Problem to work on:
Below are some records. Return exactly the lines from the one containing "Days Inn by Wyndham Aberdeen - photo 17" through the one containing "Объявление №6065798 - Баку, м.", both included, and only those.

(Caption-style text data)
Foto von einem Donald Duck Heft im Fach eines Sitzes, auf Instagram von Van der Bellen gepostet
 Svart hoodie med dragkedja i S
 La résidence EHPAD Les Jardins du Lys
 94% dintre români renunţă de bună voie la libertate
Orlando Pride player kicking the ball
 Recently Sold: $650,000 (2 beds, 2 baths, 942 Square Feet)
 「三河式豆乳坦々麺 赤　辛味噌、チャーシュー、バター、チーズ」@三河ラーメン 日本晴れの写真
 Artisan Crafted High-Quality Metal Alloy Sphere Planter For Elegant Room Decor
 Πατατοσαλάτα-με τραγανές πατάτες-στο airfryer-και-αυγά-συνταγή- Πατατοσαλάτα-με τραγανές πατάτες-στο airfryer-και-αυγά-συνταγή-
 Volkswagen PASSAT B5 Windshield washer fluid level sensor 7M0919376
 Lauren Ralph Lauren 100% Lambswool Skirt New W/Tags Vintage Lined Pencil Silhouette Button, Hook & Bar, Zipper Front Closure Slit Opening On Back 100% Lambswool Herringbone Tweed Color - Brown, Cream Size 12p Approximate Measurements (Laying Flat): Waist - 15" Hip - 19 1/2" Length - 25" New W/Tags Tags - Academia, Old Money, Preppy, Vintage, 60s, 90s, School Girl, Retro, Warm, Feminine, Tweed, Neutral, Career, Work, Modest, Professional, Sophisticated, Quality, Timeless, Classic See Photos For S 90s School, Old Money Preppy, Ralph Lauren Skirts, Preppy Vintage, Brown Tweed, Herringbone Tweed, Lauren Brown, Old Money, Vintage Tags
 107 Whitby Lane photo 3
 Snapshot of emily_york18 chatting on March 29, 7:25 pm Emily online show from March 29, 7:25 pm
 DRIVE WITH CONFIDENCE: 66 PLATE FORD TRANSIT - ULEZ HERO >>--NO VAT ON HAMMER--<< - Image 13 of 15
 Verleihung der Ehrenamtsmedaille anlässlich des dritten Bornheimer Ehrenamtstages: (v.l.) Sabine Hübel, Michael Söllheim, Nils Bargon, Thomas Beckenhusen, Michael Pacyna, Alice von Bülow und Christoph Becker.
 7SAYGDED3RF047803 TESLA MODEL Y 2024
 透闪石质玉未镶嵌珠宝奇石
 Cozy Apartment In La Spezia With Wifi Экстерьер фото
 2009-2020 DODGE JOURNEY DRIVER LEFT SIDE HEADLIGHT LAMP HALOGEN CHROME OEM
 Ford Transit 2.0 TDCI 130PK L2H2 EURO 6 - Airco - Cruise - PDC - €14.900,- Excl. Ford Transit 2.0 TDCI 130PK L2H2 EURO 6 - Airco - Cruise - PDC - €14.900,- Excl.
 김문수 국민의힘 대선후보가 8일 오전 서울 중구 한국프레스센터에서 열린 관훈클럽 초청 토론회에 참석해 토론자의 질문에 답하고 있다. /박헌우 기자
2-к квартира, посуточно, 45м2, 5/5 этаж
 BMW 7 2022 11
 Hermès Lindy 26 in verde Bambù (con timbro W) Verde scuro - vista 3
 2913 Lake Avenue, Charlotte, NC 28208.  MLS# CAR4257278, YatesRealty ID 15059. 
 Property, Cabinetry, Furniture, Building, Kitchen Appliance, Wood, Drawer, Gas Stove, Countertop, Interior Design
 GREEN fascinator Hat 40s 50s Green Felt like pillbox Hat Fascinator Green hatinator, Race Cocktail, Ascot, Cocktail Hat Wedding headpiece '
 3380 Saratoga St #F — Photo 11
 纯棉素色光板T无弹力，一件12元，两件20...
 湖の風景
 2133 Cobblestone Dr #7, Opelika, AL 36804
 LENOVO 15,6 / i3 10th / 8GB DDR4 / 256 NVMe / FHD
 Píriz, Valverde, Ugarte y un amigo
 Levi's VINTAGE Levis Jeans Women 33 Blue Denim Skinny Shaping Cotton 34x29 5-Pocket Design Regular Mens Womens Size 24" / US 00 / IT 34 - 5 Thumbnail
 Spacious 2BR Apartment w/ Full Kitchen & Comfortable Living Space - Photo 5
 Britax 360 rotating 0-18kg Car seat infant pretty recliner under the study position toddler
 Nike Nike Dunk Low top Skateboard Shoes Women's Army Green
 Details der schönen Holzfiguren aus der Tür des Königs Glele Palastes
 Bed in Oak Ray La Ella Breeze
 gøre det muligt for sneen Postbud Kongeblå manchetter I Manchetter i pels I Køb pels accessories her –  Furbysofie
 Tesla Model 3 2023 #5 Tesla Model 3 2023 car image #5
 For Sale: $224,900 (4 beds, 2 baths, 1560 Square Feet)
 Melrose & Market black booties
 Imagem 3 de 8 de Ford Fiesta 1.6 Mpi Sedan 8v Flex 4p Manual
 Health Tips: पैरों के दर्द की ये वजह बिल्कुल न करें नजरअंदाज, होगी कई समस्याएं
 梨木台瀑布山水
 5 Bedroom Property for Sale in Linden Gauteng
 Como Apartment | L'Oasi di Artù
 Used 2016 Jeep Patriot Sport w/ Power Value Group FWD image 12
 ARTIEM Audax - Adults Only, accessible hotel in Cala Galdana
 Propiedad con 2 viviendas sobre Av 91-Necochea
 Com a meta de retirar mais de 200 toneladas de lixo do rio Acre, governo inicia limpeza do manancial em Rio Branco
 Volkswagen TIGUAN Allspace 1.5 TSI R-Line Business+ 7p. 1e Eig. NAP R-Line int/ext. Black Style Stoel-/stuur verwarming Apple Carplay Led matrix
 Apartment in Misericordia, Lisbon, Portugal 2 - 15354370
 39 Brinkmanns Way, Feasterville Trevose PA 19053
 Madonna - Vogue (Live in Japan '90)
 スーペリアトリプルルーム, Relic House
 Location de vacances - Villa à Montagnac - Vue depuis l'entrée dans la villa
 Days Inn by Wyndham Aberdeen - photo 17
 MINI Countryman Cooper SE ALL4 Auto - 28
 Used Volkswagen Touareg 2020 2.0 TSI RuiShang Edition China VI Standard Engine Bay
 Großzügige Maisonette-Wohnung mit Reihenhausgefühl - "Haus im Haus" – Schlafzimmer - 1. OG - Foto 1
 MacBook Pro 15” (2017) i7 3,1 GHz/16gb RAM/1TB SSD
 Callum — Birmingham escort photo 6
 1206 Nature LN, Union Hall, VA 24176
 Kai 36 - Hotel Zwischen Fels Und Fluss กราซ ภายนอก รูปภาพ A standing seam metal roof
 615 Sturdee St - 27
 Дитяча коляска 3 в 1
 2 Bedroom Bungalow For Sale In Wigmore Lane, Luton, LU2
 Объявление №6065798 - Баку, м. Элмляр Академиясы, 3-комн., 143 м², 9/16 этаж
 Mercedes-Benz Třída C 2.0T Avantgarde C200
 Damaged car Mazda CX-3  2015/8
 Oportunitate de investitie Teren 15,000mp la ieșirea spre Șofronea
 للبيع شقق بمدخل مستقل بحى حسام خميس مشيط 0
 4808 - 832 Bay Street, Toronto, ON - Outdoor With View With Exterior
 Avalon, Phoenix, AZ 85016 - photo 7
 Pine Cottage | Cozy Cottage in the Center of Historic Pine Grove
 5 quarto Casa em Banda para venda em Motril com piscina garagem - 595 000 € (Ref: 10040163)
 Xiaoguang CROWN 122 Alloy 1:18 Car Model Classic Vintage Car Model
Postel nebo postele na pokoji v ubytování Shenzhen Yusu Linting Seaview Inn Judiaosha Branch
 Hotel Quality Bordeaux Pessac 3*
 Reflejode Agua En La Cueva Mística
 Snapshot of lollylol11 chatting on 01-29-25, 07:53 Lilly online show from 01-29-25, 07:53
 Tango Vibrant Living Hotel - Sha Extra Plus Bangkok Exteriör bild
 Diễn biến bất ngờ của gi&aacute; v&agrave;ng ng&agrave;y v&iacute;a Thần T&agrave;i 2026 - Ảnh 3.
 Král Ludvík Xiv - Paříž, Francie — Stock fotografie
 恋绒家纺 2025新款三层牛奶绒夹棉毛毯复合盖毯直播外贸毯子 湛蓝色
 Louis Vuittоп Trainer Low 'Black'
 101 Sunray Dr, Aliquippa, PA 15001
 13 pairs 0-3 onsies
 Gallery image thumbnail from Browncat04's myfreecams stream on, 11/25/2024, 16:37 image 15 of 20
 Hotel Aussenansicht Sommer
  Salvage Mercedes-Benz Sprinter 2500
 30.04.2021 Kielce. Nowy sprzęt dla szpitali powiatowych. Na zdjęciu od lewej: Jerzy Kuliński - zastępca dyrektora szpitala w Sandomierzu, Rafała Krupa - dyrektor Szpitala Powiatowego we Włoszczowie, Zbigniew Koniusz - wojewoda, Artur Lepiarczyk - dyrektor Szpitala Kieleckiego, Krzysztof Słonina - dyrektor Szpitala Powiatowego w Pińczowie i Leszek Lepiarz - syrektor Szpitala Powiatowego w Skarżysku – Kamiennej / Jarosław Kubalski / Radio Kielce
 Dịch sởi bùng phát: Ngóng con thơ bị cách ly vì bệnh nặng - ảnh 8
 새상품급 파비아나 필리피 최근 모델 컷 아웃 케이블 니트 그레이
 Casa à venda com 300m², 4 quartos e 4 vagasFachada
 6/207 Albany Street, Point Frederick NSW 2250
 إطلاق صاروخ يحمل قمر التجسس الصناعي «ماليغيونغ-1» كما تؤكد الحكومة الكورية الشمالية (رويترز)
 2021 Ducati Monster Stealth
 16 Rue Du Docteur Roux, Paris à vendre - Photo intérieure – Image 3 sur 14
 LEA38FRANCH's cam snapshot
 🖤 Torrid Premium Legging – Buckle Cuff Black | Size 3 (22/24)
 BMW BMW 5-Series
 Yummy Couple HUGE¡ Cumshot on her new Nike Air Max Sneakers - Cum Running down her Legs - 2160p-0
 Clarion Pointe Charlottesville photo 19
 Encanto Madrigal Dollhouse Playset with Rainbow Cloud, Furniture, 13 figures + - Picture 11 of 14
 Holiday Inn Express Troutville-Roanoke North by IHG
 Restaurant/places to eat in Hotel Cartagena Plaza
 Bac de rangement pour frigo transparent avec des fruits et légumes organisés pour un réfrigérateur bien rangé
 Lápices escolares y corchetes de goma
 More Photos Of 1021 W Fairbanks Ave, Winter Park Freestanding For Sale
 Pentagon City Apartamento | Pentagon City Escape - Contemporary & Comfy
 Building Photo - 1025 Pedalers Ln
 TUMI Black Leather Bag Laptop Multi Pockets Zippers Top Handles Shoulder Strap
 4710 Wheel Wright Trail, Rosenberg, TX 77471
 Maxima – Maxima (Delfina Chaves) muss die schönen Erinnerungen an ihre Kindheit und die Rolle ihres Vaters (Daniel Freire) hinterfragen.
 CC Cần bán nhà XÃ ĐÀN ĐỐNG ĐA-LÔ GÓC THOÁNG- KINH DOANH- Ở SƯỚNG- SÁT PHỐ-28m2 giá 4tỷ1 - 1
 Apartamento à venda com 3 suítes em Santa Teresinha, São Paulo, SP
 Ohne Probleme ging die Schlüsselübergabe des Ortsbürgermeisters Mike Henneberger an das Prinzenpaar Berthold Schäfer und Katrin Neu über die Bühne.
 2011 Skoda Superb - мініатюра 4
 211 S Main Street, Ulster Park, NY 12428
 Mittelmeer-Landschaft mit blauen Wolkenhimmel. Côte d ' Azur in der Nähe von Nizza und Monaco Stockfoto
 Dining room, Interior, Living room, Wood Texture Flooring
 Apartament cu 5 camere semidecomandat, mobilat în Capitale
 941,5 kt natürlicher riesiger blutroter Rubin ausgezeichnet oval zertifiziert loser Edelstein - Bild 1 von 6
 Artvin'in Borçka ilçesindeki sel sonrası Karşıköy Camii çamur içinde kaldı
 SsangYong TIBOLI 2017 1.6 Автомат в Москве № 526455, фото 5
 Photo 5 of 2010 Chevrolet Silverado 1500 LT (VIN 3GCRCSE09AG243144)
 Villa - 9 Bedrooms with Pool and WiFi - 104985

Solution:
 Days Inn by Wyndham Aberdeen - photo 17
 MINI Countryman Cooper SE ALL4 Auto - 28
 Used Volkswagen Touareg 2020 2.0 TSI RuiShang Edition China VI Standard Engine Bay
 Großzügige Maisonette-Wohnung mit Reihenhausgefühl - "Haus im Haus" – Schlafzimmer - 1. OG - Foto 1
 MacBook Pro 15” (2017) i7 3,1 GHz/16gb RAM/1TB SSD
 Callum — Birmingham escort photo 6
 1206 Nature LN, Union Hall, VA 24176
 Kai 36 - Hotel Zwischen Fels Und Fluss กราซ ภายนอก รูปภาพ A standing seam metal roof
 615 Sturdee St - 27
 Дитяча коляска 3 в 1
 2 Bedroom Bungalow For Sale In Wigmore Lane, Luton, LU2
 Объявление №6065798 - Баку, м. Элмляр Академиясы, 3-комн., 143 м², 9/16 этаж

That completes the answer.